Men’s artistic gymnastics pommel horse began as a practice proxy for the actual, living animal: equus caballus. The history of the pommel horse goes as far back as Alexander The Great and his Macedonian soldiers who used an early pommel horse to practice mounting the beasts they would ride into battle somewhere around 315 BC.
The early pommel horse did not have the handles or pommels we see today in men’s gymnastics competition. Nor, did it offer the comfort of padding and leather. Instead, it was a simple wooden structure modeled after the animal’s back where the rider would sit. The Roman army, also, used the ancient predecessor to today’s sports pommel horse for practice mounting and dismounting living horses employed in military maneuvers.

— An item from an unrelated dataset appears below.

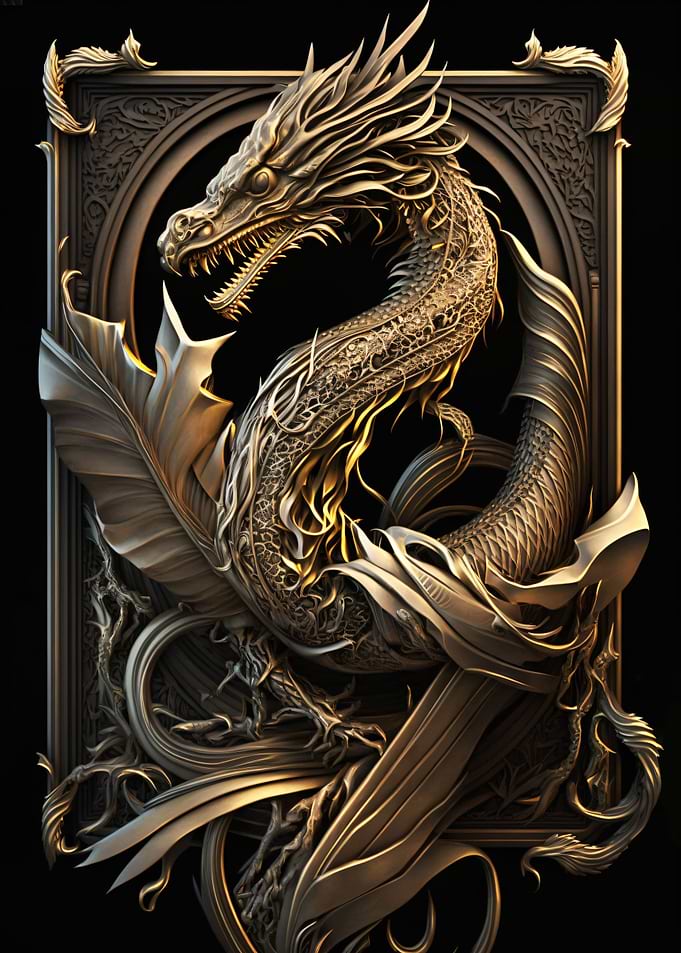 Serpent Flame Art Deco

Gymnastics as a whole has a long history of influence on the military and vice versa, as the sport became a way for soldiers to develop the physical conditioning and dexterity for hand-to-hand combat.
In history, and in the military, the pommel horse resurfaces in the efforts of the knights of the 17th century who took to the form to improve theirs, as they practiced for and engaged in horse ridden battles and sporting events: pommel horse equestrianism gains a strong foothold in both up until the late 18th century.
Enter: Friedrich Ludwig Jahn, a German and a former member of the Prussian military. Jahn is widely regarded as the father of modern gymnastics. Though gymnastics itself enjoyed a much earlier beginning in the Greek Olympic games, it was, at one point outlawed in those ancient times, and therein abandoned by much of the world until revived by Jahn in the 19th century.
Prussian defeat by Napoleon had left Jahn’s native country in poor spirits. His surviving writings reveal that he thought a return toward physical vigor and mental prowess through the practice of gymnastics would set his countrymen on the higher path. He is said to have opened the first gymnastics club, The Turnplatz, which was an open air gymnasium dedicated to the sport.
From Jahn’s time onward until 1936, the pommel horse took many forms which more and less mimic the uneven planes and curves of the actual four-legged animal to the symmetrical planes that more closely resemble the gymnastics pommel horse we see today.
An asymmetrical, more horse like shape was found to be more difficult for male gymnasts to engage in wandering type movements becoming more popular in the sport of gymnastics, though they did still attempt them on the sloping shaped pommel horses.
According to gymmedia.com, “A 1926 model of the pommel horse had a more sleek look to the torso and the lower part slightly curves upwards. This type of horse was still used at the 1936 Berlin Olympics. It was only 71 inches (180cm) long. Gymnasts already competed swinging elements on the neck as well as the rump.”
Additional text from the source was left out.